Randomly distributed bijective mapping generator function for string generation

Question

I'm trying to create a python generator function to yield bijective (Injective & Surjective) mapping between sequential numbers from 1 to 38⁵ and randomly distributed products of alpha-numerics (28 lowercase letters + 10 numbers) with length 5
for example something like this:

1 -> 4fde6
2 -> grt74
3 -> g7w33
...

is there a module for this?
Any idea for the algorithm?

Edit: I want the mapping be:

Implementable using generators (not memory intensive)
Constant during different runs of code
Uniformly distributed as much as possible

So in one sentence i want an Uniformly distributed constant bijective mapping between indexes and products of n alpha-numerics

Thanks

What alphabet can the output use (i.e. numerals, lower and upper case letters)? You need it to have at least 38 characters in order to represent all numbers from 1 to 38^5. — Dominic Price, Jun 27 '18 at 21:05
Really, this boils down to ["I want to shuffle an iterator"](https://stackoverflow.com/questions/21187131/how-to-use-random-shuffle-on-a-generator-python). Note that you can get the "key" part of your mapping by just doing `enumerate(shuffled_product, start=1)`. From there, it's just a matter of reading `product(ascii_lowercase + digits + "AB", repeat=5)` into a list and then shuffling it. Obviously, this will take a lot of memory, but it's doable. — Patrick Haugh, Jun 27 '18 at 21:20
If you would want bijective mapping int index->five bytes (2^40) that could be done easily — Severin Pappadeux, Jun 27 '18 at 21:28
@DominicPrice: numerals & lowercase letters (28 + 10=38 chars) — Ariyan, Jun 27 '18 at 21:51
@PatrickHaugh: Unfortunately, Shuffle is not good here; first of all shuffling needs list conversion and is not generator friendly, secondly shuffling returns different random sequence but I want the mapping function be able to always map same input to same output in multiple instances of application — Ariyan, Jun 27 '18 at 21:59
@SeverinPappadeux: yes, That is exactly what is want, furthermore I want this be implementable using a generator (memory reasons) and the mapping be static and uniform as much as possible — Ariyan, Jun 27 '18 at 22:05
Well, for mapping `int [0...2^40)<->5bytes random number` there is a simple solution - Linear Congruential Generator. I could write an answer. But problem is, it is not permuted letters on the right side, but random 40 bits — Severin Pappadeux, Jun 27 '18 at 22:53
@SeverinPappadeux I will appreciate if you write the answer for this using LCG, thanks — Ariyan, Oct 07 '18 at 09:29
@RYN Just came out from the trip and going to another one - will take a jab at it this weekend — Severin Pappadeux, Oct 09 '18 at 21:57

Severin Pappadeux · Accepted Answer · 2018-10-16T23:38:26.997

Ok, here is bijective mapping from index to 5bytes string and back, based on Linear Congruential Generator. I used constants for drand48, seems to work fine for 40bits LCG, with seed 1 I tested all 2⁴⁰ values and got full period.
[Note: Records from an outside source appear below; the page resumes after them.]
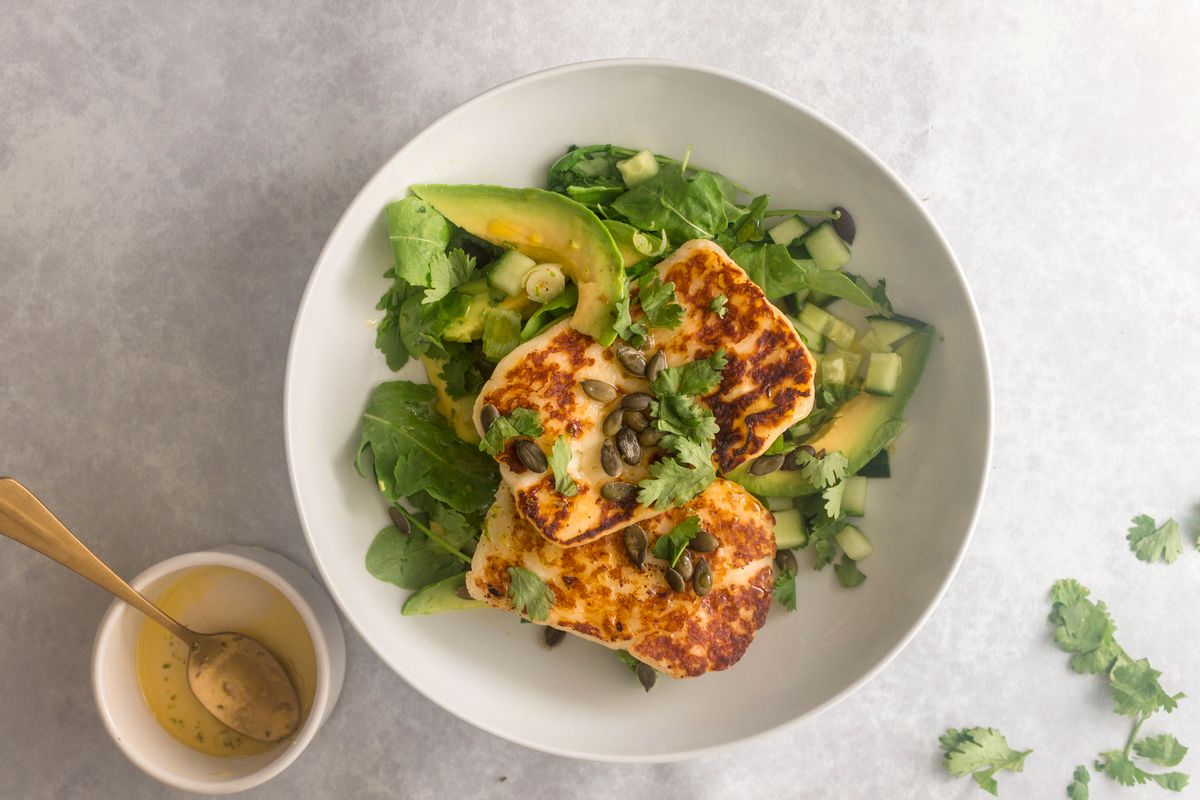 Low Carb Green Halloumi Salad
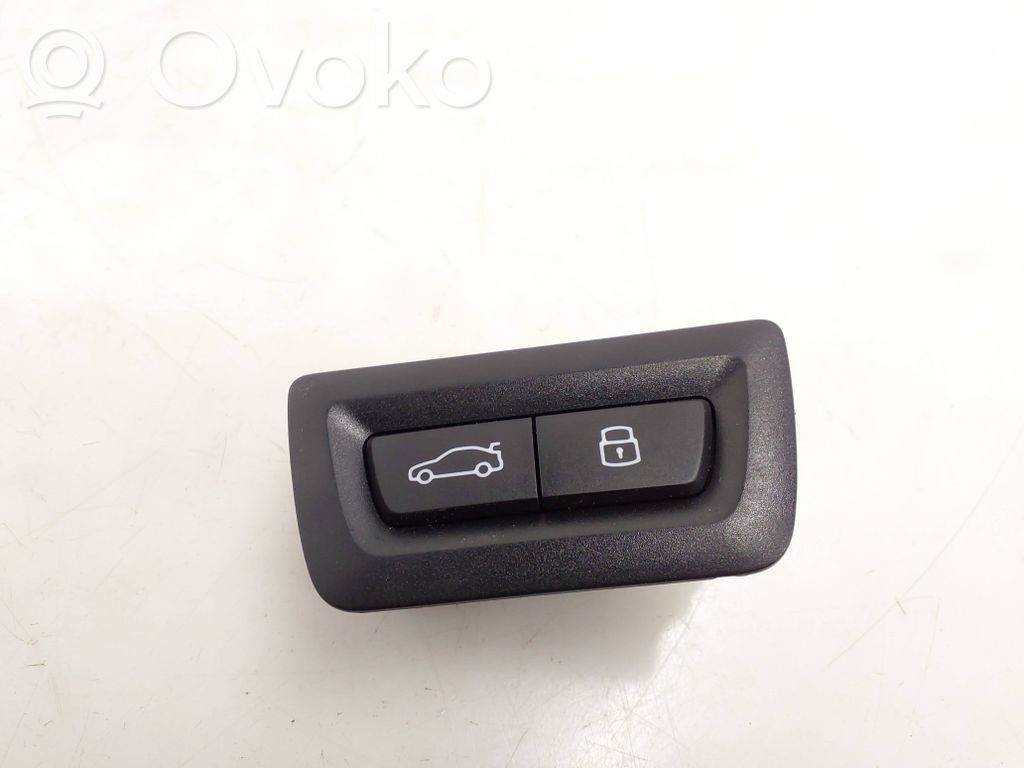 BMW iX1 Tailgate/boot open switch button 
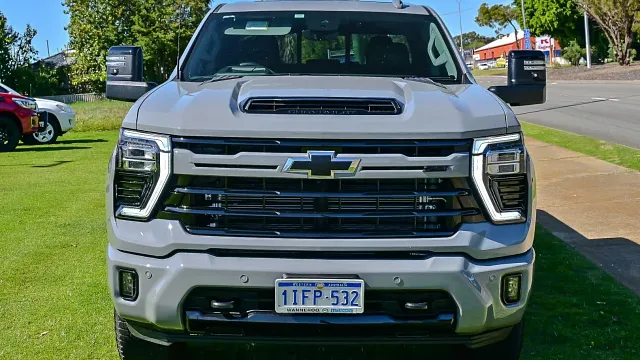 used 2024 Chevrolet Silverado HD T1 LTZ Premium W/Tech Pack Pickup Crew Cab 4dr Auto 10sp 4x4 6.6DT (4.5T) [MY24] For Sale in WA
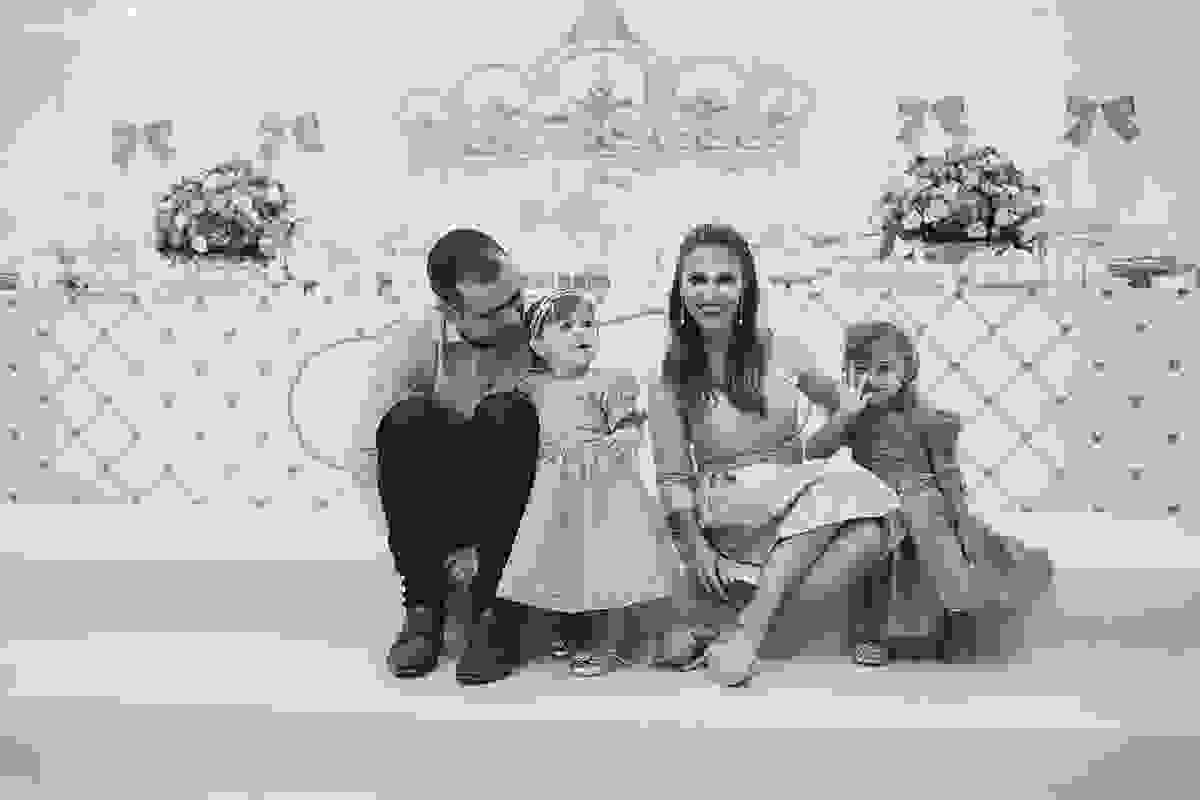 festa no tema carrossel, no cerimonial Lollypop em Vitória ES, fotografia de festa infantil em Vitória, decore by Av Design, bolo lindo da Juliana Marculano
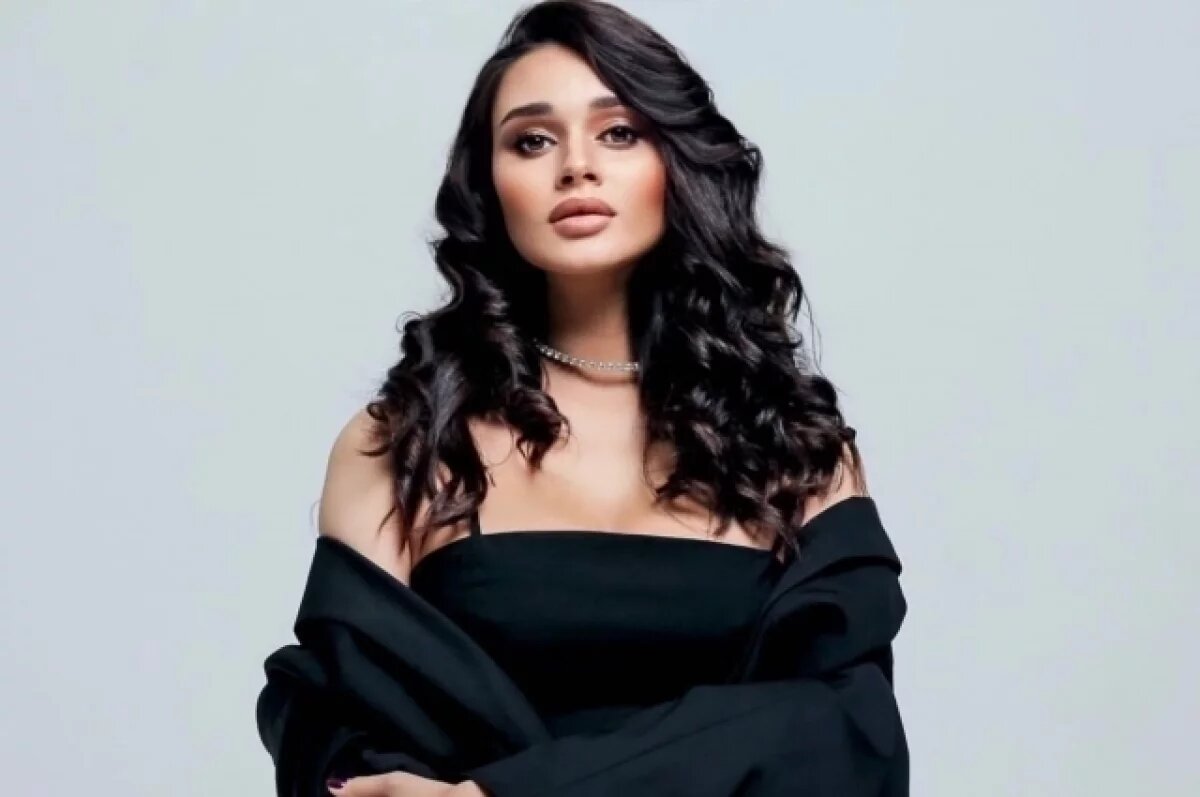    Скандально известная певица Гульназ Асаева увеличила себе грудь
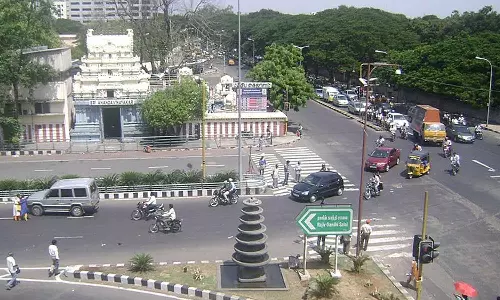 மத்திய கைலாஷ் சந்திப்பில் மேம்பாலம் கட்டும் பணி: 75 மரங்கள் வேரோடு பிடுங்கி வேறு இடத்தில் நடப்பட்டன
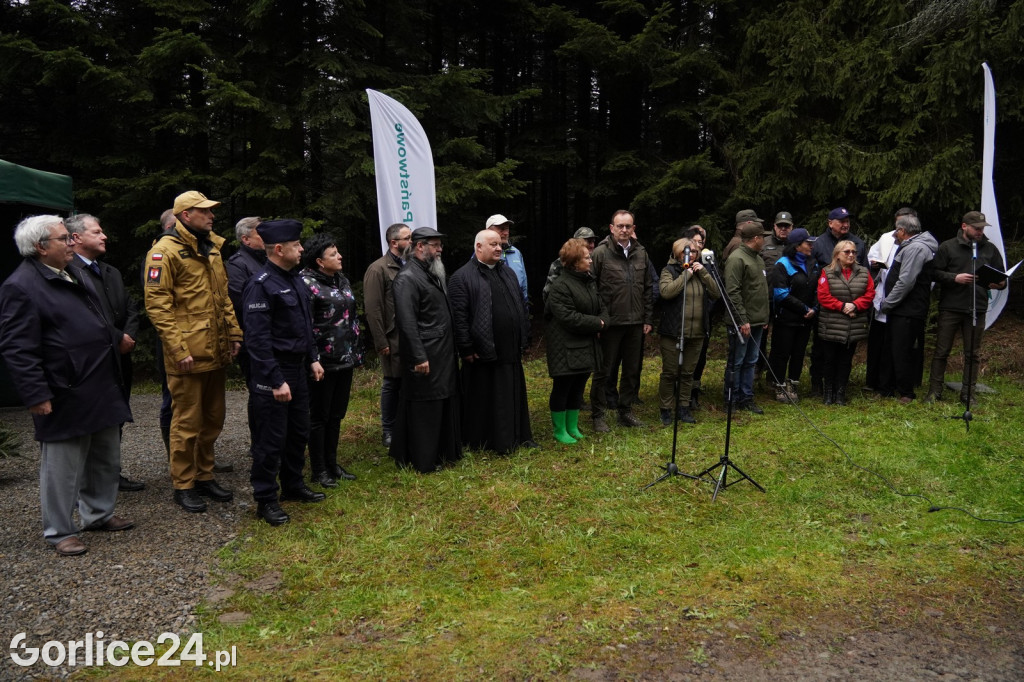 Magura Małastowska. Sadzenie lasu im. Jana Pawła II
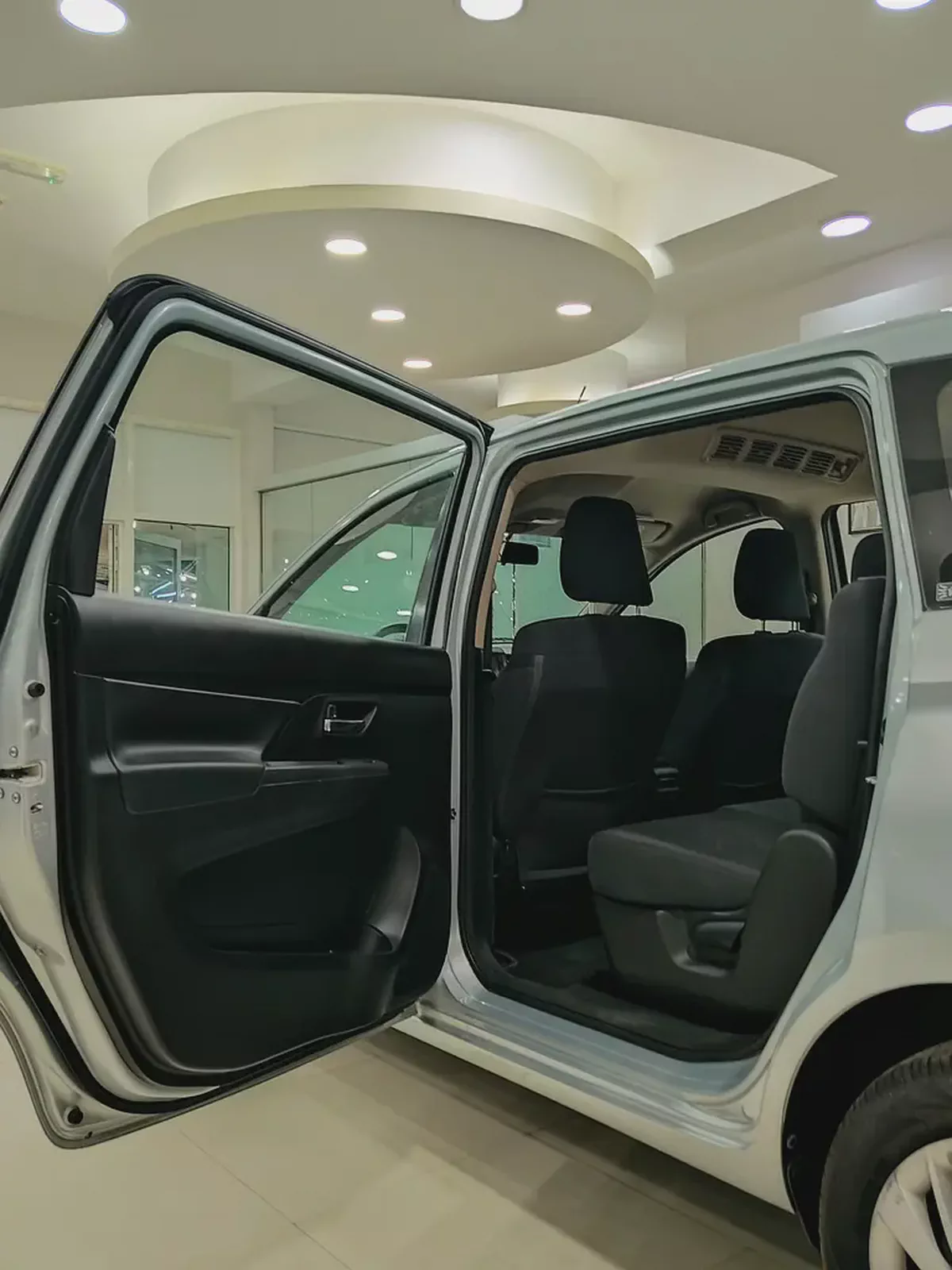 Brand New Suzuki Ertiga 2024 GL | 7 Seater | GCC Specs-8-8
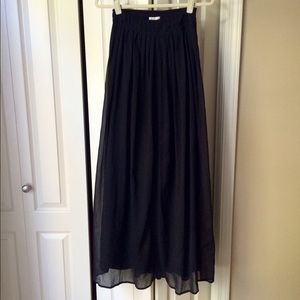 Staring at Stars double layer full maxi skirt.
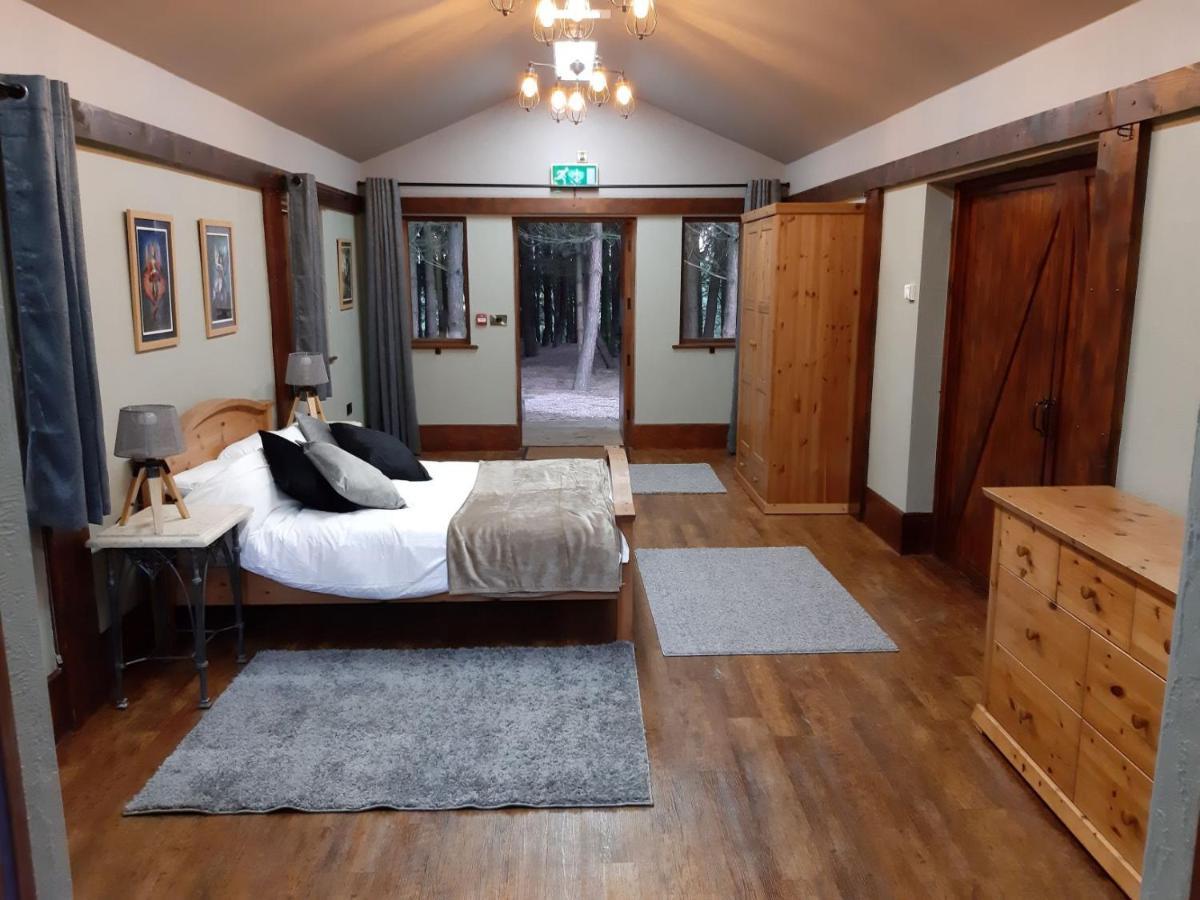 Wyldwood Lodge Cheadle  Eksteriør billede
It relies on unsigned 64bit math with masked overflow, thus heavy use of NumPy. Packing and unpacking done in somewhat crude way, lots of things to improve. Don't hesitate to ask questions.

import numpy as np

# unsigned constants
ZERO  = np.uint64(0)
ONE   = np.uint64(1)

# signed constants
SZERO = np.int64(0)
SONE  = np.int64(1)
MONE  = np.int64(-1)

# LCG parameters
bits = np.uint64(40)
mult = np.uint64(25214903917)
incr = np.uint64(11)

mod  = np.uint64( np.left_shift(ONE, bits) )
mask = np.uint64(mod - ONE)

def rang(seed: np.uint64) -> np.uint64:
    """
    LCG mapping from one 40bit integer to another
    """
    return np.uint64(np.bitwise_and(mult*np.uint64(seed) + incr, mask))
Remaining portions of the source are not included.